A quick flick through the RD wikipedia page gives us some food for thought from OTL.
https://en.wikipedia.org/wiki/Roger_Douglas
In February 1983, when Lange became leader of the Labour Party, he made Douglas the Labour spokesperson for finance.
At the time of his appointment, Douglas had a reputation as a radical but his thinking on economic issues remained within the boundaries of Labour's Keynesian approach to economic management.[23] By the end of 1983, his thinking had shifted markedly to the economic right.[24]
These observations came from Brian Easton's 1989 book about Rogernomics. However from the man himself (RD) we get....
Douglas’s insistence that economic policy was the product of a plan conceived by him as early as 1980[39]and not a response to crisis left the government open to charges of bad faith.[40]
According to RD, OTL 1984 budget was conceived by him as early as 1980.
So the capacity for ATL Rogernomics in '81 is there, but without OTL 1984 financial crisis it there would be less political scope for more radical elements of the policy.
Another interesting issue is the politics around the New Zealand Dollar.
In OTL, the Labour Government elected in July 1984, devalued a the NZD by 20% soon after coming into office and floated the NZD in March 1985. All this was done in the honeymoon period after coming into office after sustained selling pressure from financial markets.

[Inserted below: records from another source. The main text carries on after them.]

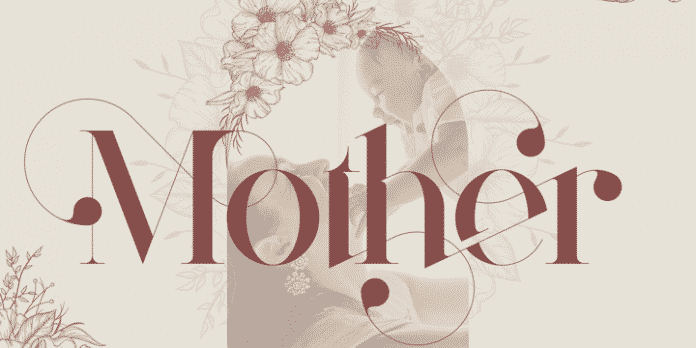 Mother VP Font Family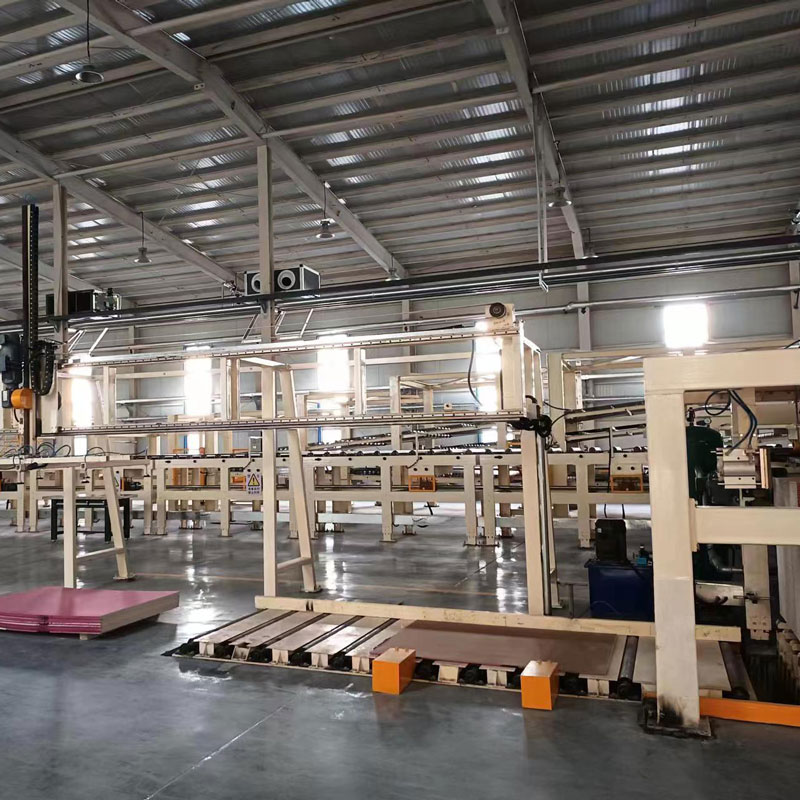 Wallboard Equipment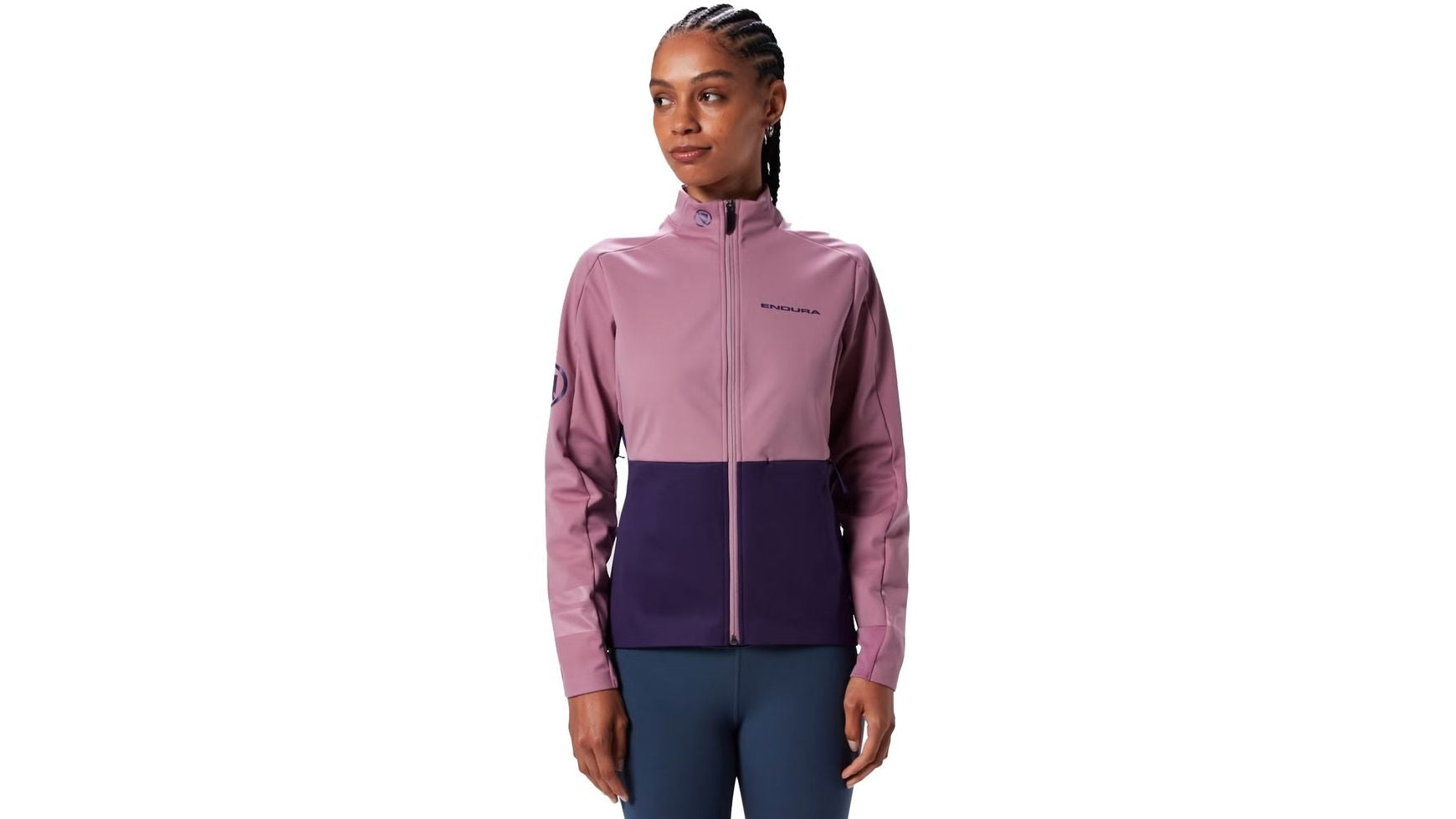 Endura Wms Windchill Jacket II image 8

Muldoon was steadfast in holding the value of NZD against these pressures which built up over time.
In an ATL '81 Lange Labour Government (LLG), this would have gone quite differently. In OTL Douglas did not believe in floating NZD until the end of '84. As finance minister in the ATL '81 LLG he would he progressively devalued the dollar by 5 or 7.5% increments. When Governments set the value of the currency they were pitted against financial markets in a battle of wills as to whether the Government would blink against the currency traders.
An '81 LLG which would have been elected with a small majority would have suffered if it devalued the NZD several times in 83/84, could have very well lost office. Free market reforms would have become the preserve of a National Govt elected in 1984.